# Inner knee discomfort - stance width, angle or just beginner soreness?



## lambar (Jan 14, 2014)

Hi all,
Beginner snowboarder here. Have been using rentals the first few times and now have my own gear. Have a question about solving a slight knee pain issue. 

My stats:
Height: 5'7"
Weight: 150ish lbs
Board: Rossi Templar 155 (stance width one notch narrower than ref width of 21.7", so probably around 20")
Boots: K2 Raider (2014)
Bindings: K2 Formula (2013) at +18/-9

I've gone out twice on my own gear and both times noticed a slight discomfort during and after the riding. Nothing that cripples me or prevents more riding but fairly noticeable. 

What adjustments would you try first for this area of discomfort? I would describe it as being on the inner sides of both knee caps. 

I feel like the stance width is correct for my body but the angles could be off.

Or is it just a matter of getting used to the movements?


----------



## hardasacatshead (Aug 21, 2013)

First thing I'd try would be to narrow up your front foot's angle a bit. +18 is on the wide end so maybe try bringing it back to +12 and see how that feels. Mind you, your back foot is at -9 so you're not too duck. Anyway, that's where I'd start.

It could just be a bit of a 'match fitness' issue too. When you board you're using muscles, ligaments, tendons etc in a way that you normally don't. So it takes a little time to condition yourself and build up strength and flexibility in those areas.


----------



## lambar (Jan 14, 2014)

Thanks! yah my first thought was to decrease the front angle as well so will give that a shot for sure!


----------



## hardasacatshead (Aug 21, 2013)

Also, take a good omega 3/ fish oil tablet. Does wonders for your joints.


----------



## lambar (Jan 14, 2014)

hardasacatshead said:


> Also, take a good omega 3/ fish oil tablet.

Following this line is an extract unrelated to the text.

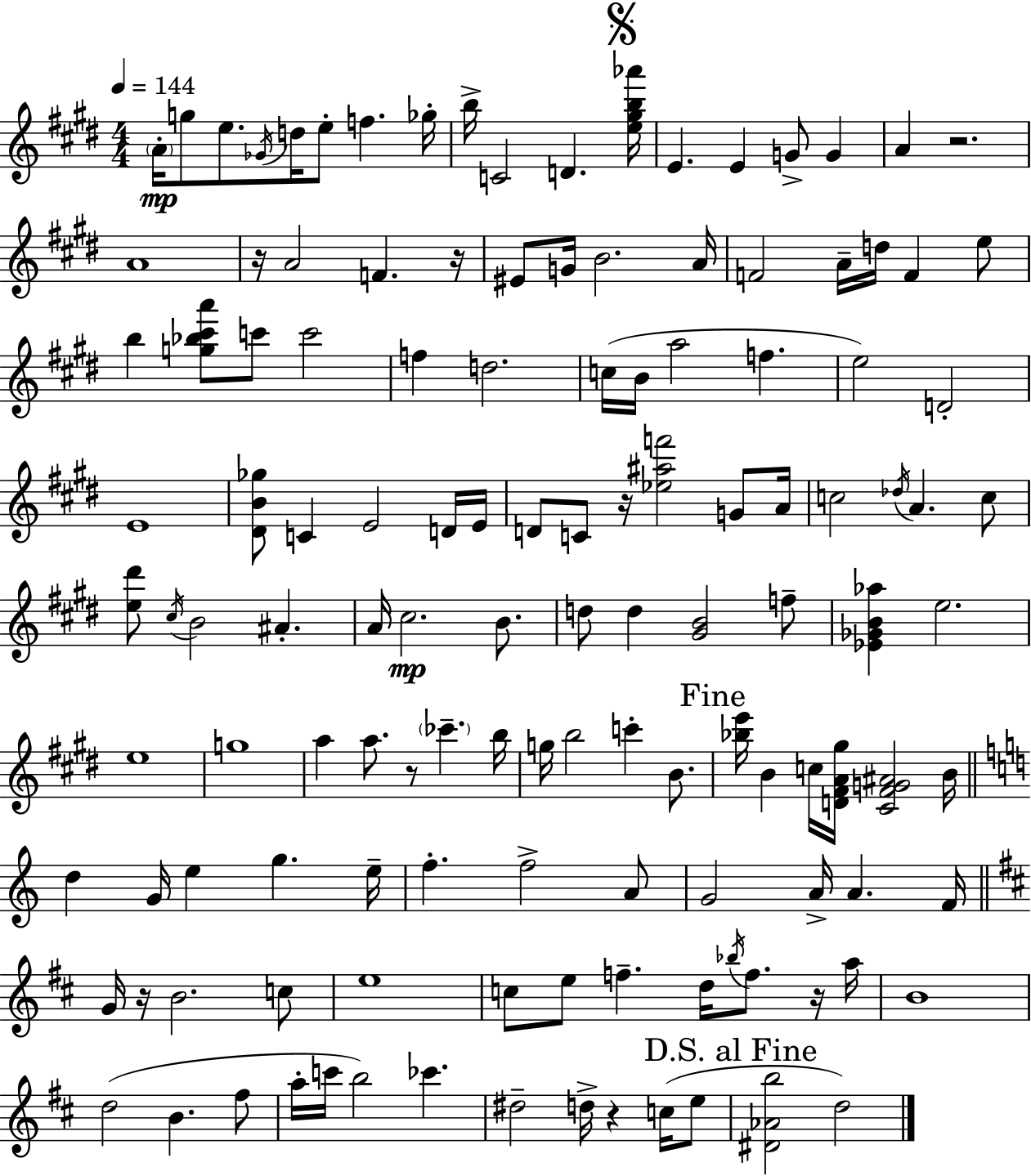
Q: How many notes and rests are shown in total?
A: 130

Does wonders for your joints.


thanks will look into that


----------



## lambar (Jan 14, 2014)

Hmm was playing around with the angles tonight.

Is it weird that an equal duck of 15/-15 feels the most natural to me?


----------



## hardasacatshead (Aug 21, 2013)

Nope. +/- 15 is pretty normal. I run a +/-12 and it feels best for me.


----------



## lambar (Jan 14, 2014)

thanks, i may also try 18/-12 to have the same difference between the angles but with the lead foot a bit more facing forward

i do kind of have a natural duck waddling walk, so maybe that's why the wider angles seem more comfortable lol


----------